'''

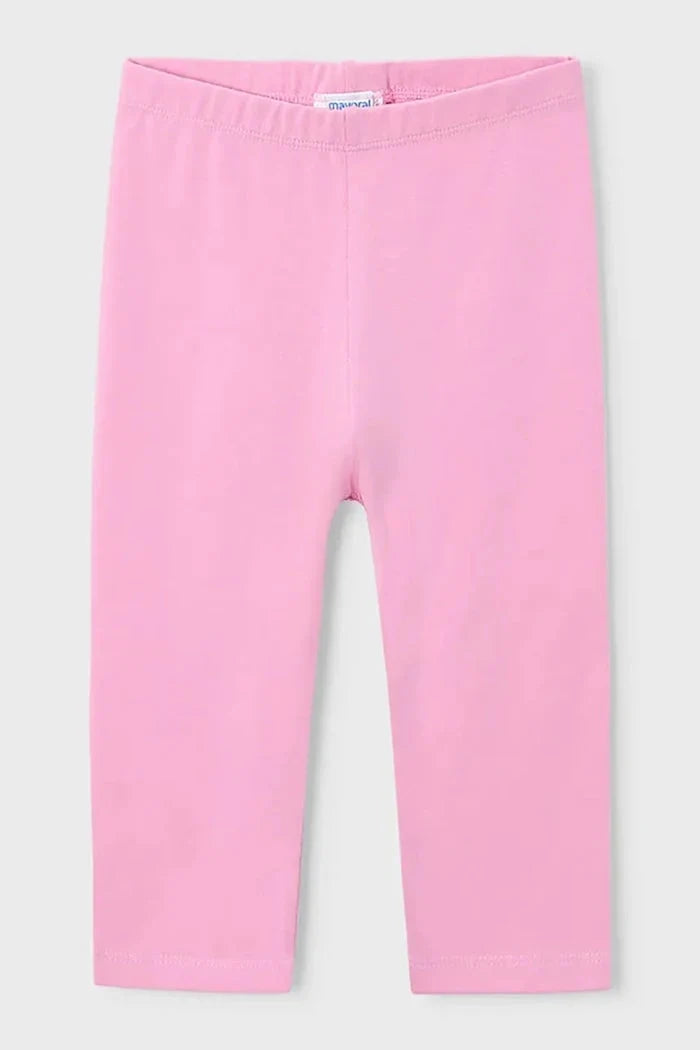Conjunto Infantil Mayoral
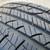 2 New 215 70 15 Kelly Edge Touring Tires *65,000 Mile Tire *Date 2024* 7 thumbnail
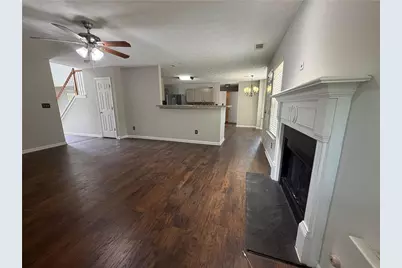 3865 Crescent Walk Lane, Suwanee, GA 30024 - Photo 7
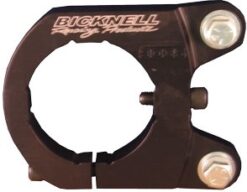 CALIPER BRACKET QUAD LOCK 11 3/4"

'''

Reproduce the listing above exactly, without a single picture.

- [Written response]
Conjunto Infantil Mayoral
 2 New 215 70 15 Kelly Edge Touring Tires *65,000 Mile Tire *Date 2024* 7 thumbnail
 3865 Crescent Walk Lane, Suwanee, GA 30024 - Photo 7
 CALIPER BRACKET QUAD LOCK 11 3/4"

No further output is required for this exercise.